:: WORK REQUIRED ::
When you give the entries again, keep every word as it stands and drop the pictures.

:: PROVIDED RECORDS ::
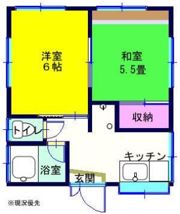 三春町1貸家の間取り画像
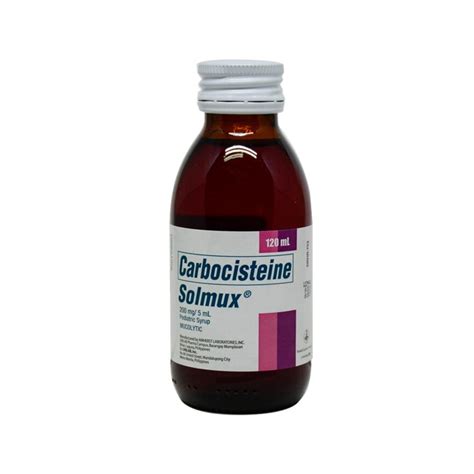Solmux Carbocisteine Pediatric Syrup Mucolytic Suspension 200mg X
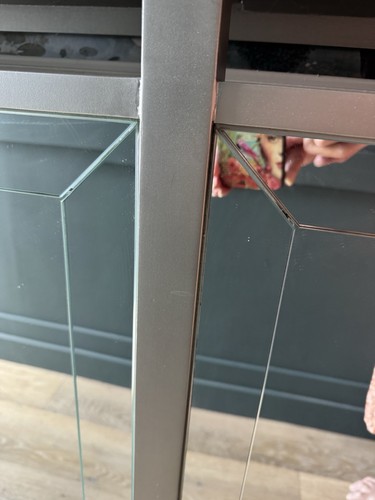 Next mirrored glass - mirrored, radiator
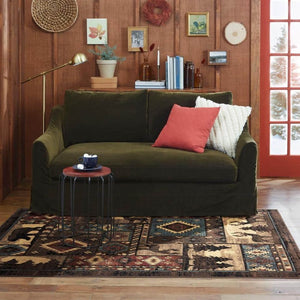 Buffalo Bear Brown/Red 2 ft. x 3 ft. Area Rug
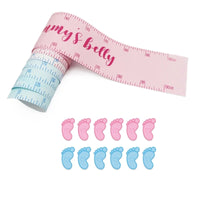 How Big is Mommy's Belly? Includes 1 Mommy's Belly Measuring Tape and 12 Stickers, Gender Neutral Fun Baby-Shower Game Good Vibrations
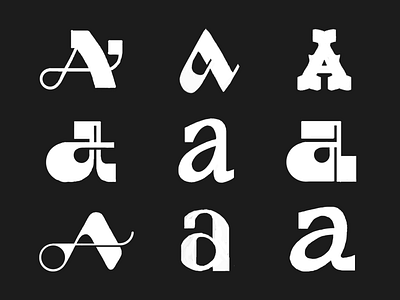 Letter "A" sketches 36daysoftype design flat icon letter mark lettering lettermark logo minimal monogram sketch sketches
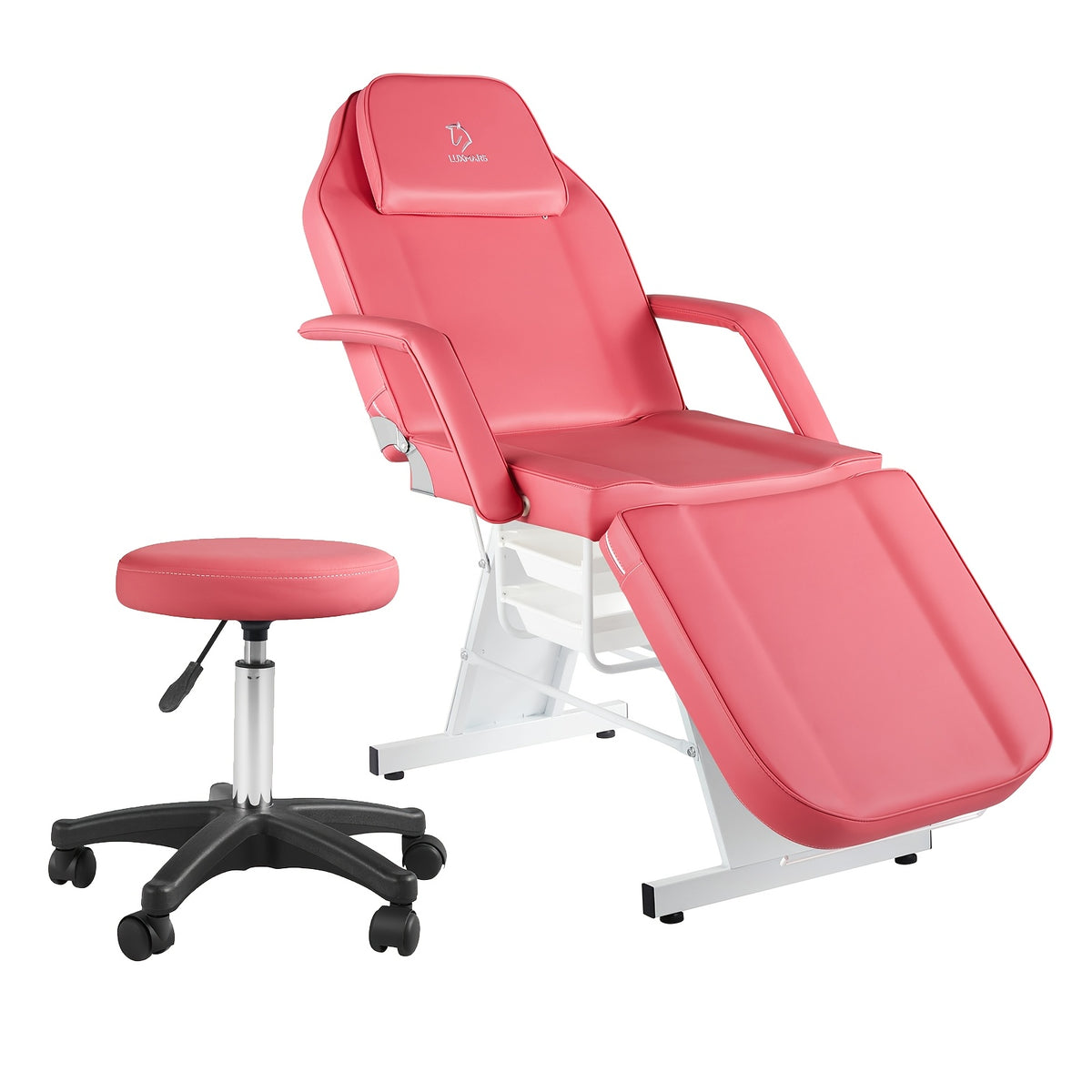 Tattoo Chair Adjustable, Facial Chair Multipurpose 73 Inch Spa Facial Bed With Massage Equipment Stool For Beauty Spa Tattoo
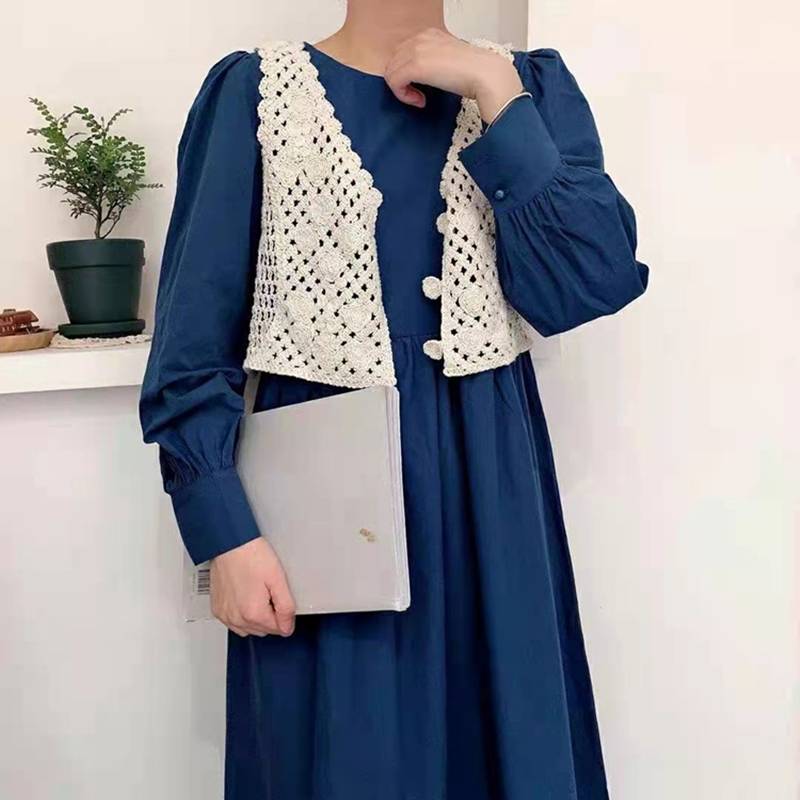 Summer with a pony clip female sleeveless hook hook hollow shawl, shoulder, shoulder vest vest vest short top jacket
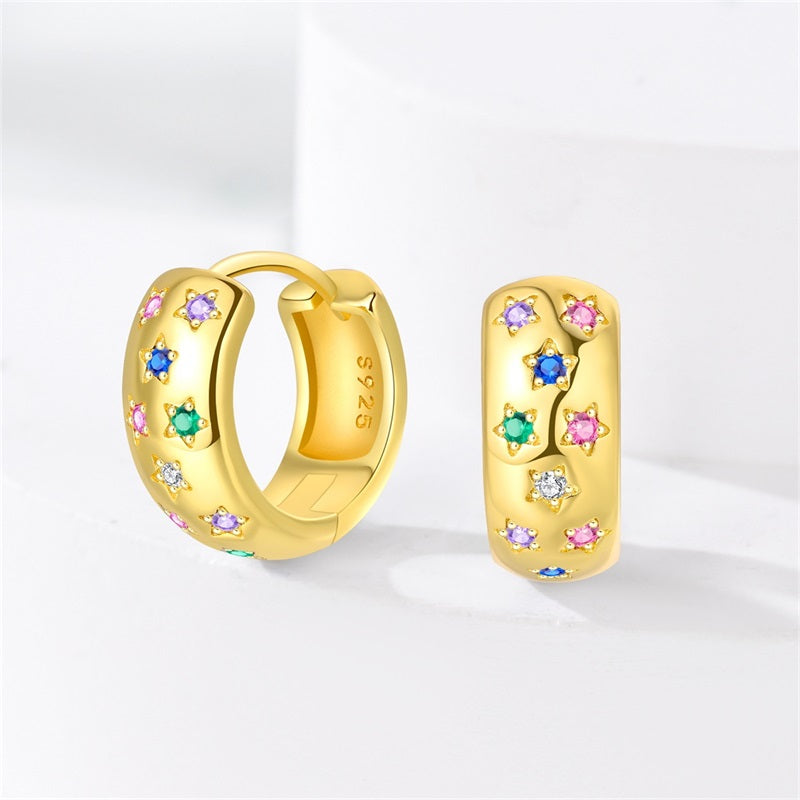 Aretes Estrellas Multicolor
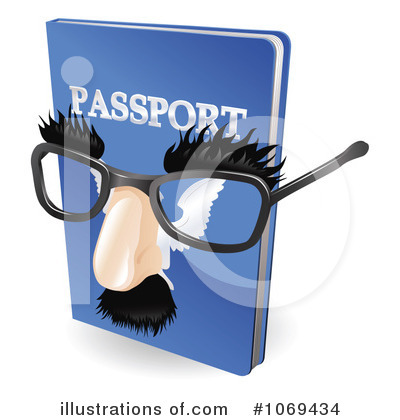 Royalty-Free (RF) Passport Clipart Illustration by AtStockIllustration - Stock Sample #1069434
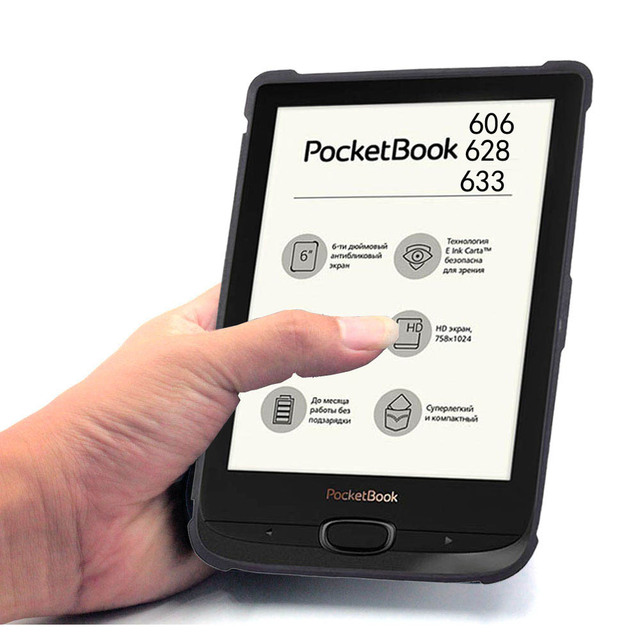 Obudowa na czytnik Pocketbook 633/606/628 Basic 4 Touch Lux 5 + folia ekranowa i stylus - Wianko - 4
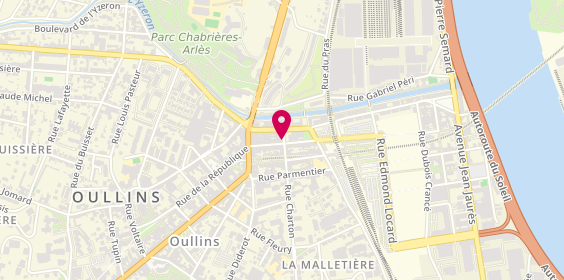Plan de Plusdebad Lyon, 4 Bis Rue Charton, 69600 Oullins-Pierre-Bénite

:: TASK RESPONSE ::
 三春町1貸家の間取り画像
Solmux Carbocisteine Pediatric Syrup Mucolytic Suspension 200mg X
 Next mirrored glass - mirrored, radiator
 Buffalo Bear Brown/Red 2 ft. x 3 ft. Area Rug
 How Big is Mommy's Belly? Includes 1 Mommy's Belly Measuring Tape and 12 Stickers, Gender Neutral Fun Baby-Shower Game Good Vibrations
 Letter "A" sketches 36daysoftype design flat icon letter mark lettering lettermark logo minimal monogram sketch sketches
 Tattoo Chair Adjustable, Facial Chair Multipurpose 73 Inch Spa Facial Bed With Massage Equipment Stool For Beauty Spa Tattoo
 Summer with a pony clip female sleeveless hook hook hollow shawl, shoulder, shoulder vest vest vest short top jacket
 Aretes Estrellas Multicolor
 Royalty-Free (RF) Passport Clipart Illustration by AtStockIllustration - Stock Sample #1069434
 Obudowa na czytnik Pocketbook 633/606/628 Basic 4 Touch Lux 5 + folia ekranowa i stylus - Wianko - 4
Plan de Plusdebad Lyon, 4 Bis Rue Charton, 69600 Oullins-Pierre-Bénite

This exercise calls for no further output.